South Korea’s coal phase down is exposing a practical challenge that extends beyond power markets. What happens to the land, labor, and grid assets built around large thermal power plants.
In Boryeong, a city long associated with coal fired generation, local and provincial authorities are betting that small scale green hydrogen can serve as an early bridge rather than a symbolic gesture.
In January, the Boryeong City Government confirmed the start of construction on a water electrolysis based hydrogen production facility inside the Shin Boryeong power plant site. The project brings together South Chungcheong Province, Korea Midland Power, Hyundai Engineering, Techcross Water & Energy, and ISTE. The location matters as much as the technology. This is the first hydrogen project in the country to reuse idle land within a large scale coal power complex, a site once central to regional employment and energy supply.
The facility will deploy 2.5 MW of electrolysis capacity and is expected to produce around 395 tons of hydrogen annually. While modest by industrial standards, the output is framed by local authorities as sufficient to supply tens of thousands of hydrogen passenger vehicles each year. From a systems perspective, however, the numbers point to a pilot scale installation rather than a market shifting volume. At roughly 158 tons of hydrogen per megawatt per year, the project aligns with typical small electrolyzer performance assumptions, suggesting conservative design rather than aggressive optimization.
The economic argument centers less on scale and more on transition management. As coal capacity declines, regions like Boryeong face risks of job losses and reduced local tax bases. By anchoring hydrogen production at an existing thermal power site, the project seeks to preserve part of the energy value chain while testing whether legacy infrastructure can be repurposed for low carbon uses. Grid connections, water access, and industrial zoning are already in place, lowering development barriers compared with greenfield hydrogen projects.
Local authorities describe the initiative as an example of a just transition, but its ability to deliver that outcome will depend on follow on investment. A 2.5 MW electrolyzer does not replace the employment footprint of a coal unit, nor does it materially alter regional energy supply. Its value lies in acting as a platform. The city plans to connect hydrogen output to nearby refueling stations, building a localized supply chain aimed at expanding hydrogen vehicle adoption within the jurisdiction. Whether that demand materializes at scale remains uncertain, particularly as battery electric vehicles continue to dominate passenger transport growth.

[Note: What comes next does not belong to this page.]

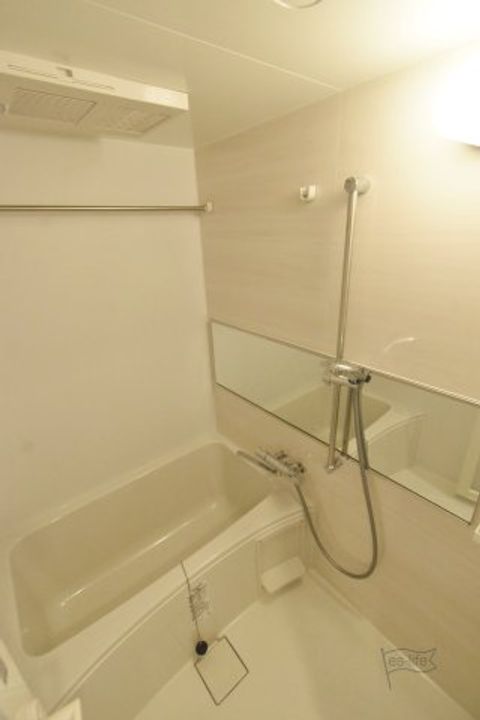 大阪府大阪市東淀川区西淡路1(マンション)の賃貸物件の風呂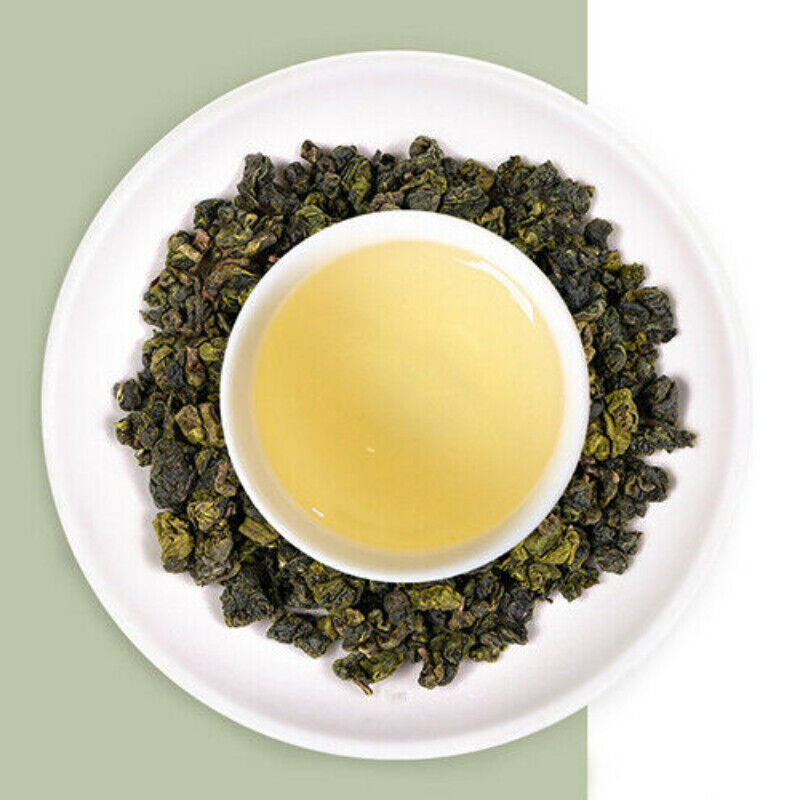 HelloYoung 150g Ji Bian Oolong Tea Yunnan TENG CHONG High Mountain Tea Jade Taiwan Oolong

There is also a broader policy signal embedded in the project. South Korea’s hydrogen strategy has often focused on large scale imports and blue hydrogen pathways. By contrast, Boryeong’s project emphasizes domestic green hydrogen production linked to existing power infrastructure. That approach reduces reliance on fuel imports but remains exposed to electricity pricing. Without preferential tariffs or long term offtake guarantees, electrolyzer utilization rates could be constrained, limiting economic performance.
Mayor Kim Dong il has framed the groundbreaking as a turning point for Boryeong’s identity, from a coal centered city to an eco friendly energy hub. From an industry perspective, the shift is more incremental than transformational. The project does not yet demonstrate a pathway to industrial hydrogen use or export oriented volumes. It does, however, provide a concrete case study for how coal plant sites can be reused, how local governments can anchor early hydrogen demand, and how small electrolyzer projects perform when embedded in legacy energy systems.